Winterling, by Sarah Prineas


Author: Sarah Prineas

Genre: Fantasy adventure
Stand alone or series: First in a series
Publisher: HarperCollins (January 3, 2012)

I picked up this new book by Sarah Prineas, because I had read and enjoyed her ‘Magic Thief’ series. I was looking for more of the wonderful world-building and voice that captivated me in her earlier books. And, I’m happy to say I wasn’t disappointed.

‘Winterling’ is the story of Fer, a young girl who “feels an instant attachment” to a magical realm that can be reached through a Way in the forest. This is a portal story like a lot of children’s fantasy novels, and it somewhat reminds me of ‘The Lion, the Witch, and the Wardrobe.’ The Way through to the other world is always present yet secret, and can only be reached by certain individuals.

There’s an evil huntress/queen with the requisite minions, and magic that initially exists only in that world but also threatens to seep through to ours. There’s also a Mr. Tumnus-like character, who helps Fer navigate her way when she first arrives. But, unlike the unfortunate Tumnus, this secondary character remains important throughout the story.
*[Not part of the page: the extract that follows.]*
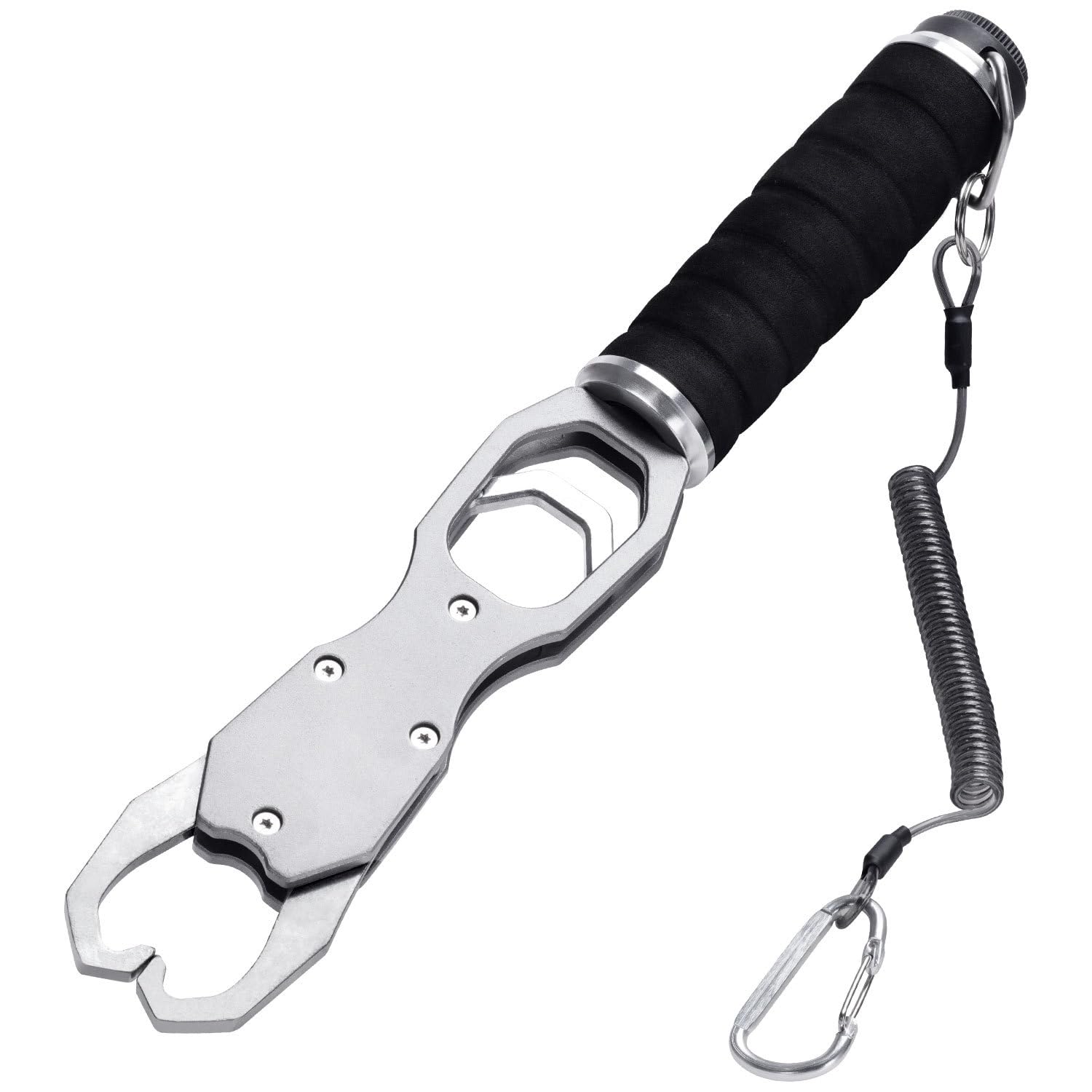 NXJS Рыба Рыба Рыба Легкий Рыба Нержавеющая Портативная Лента Захват, Захват, Захват, Захват, Сталь, Многофункциональный Инструмент, (Без измерения) серебряный
NXJS Рыба Рыба Рыба Легкий Рыба Нержавеющая Портативная Лента Захват, Захват, Захват, Захват, Сталь, Многофункциональный Инструмент, (Без измерения) серебряный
Still, there is much in ‘Winterling’ that makes it a truly unique adventure. Fer’s character, with her patchwork jacket and herbs, is a very likable heroine. She has a wild, nature-loving personality, which weaves nicely into and throughout the plot. As her history is revealed, we find out more of why she is drawn to this place. The way she interacts with this strange world and its residents feel natural and not at all contrived. Her allies, particularly her horse (which is more than just transportation), add interest and will keep readers wondering about who’s who, and where the story is going.

There are points in the plot that seem as though they appeared out of nowhere. But, overall, it’s a fast-paced and well-told story. I also wish that Fer’s grandmother was a more substantial character. I feel that she has more to say and more to show our heroine. Maybe we’ll see this in future books (I hope).

My favorite aspect of the book is the voice in which the story is told. The imagery is rich and descriptive, with bits of lovely prose here and there. As an example, here’s the first paragraph:

The dog fled. He raced down a shadowy forest trail lit by the full moon. Hearing the howl of the wolves that pursued him, he left the path for the darker forest, struggling through brambly bushes, dodging trees that grabbed after him with long, twiggy fingers.

This is a great fantasy novel for both middle-grade boys and girls.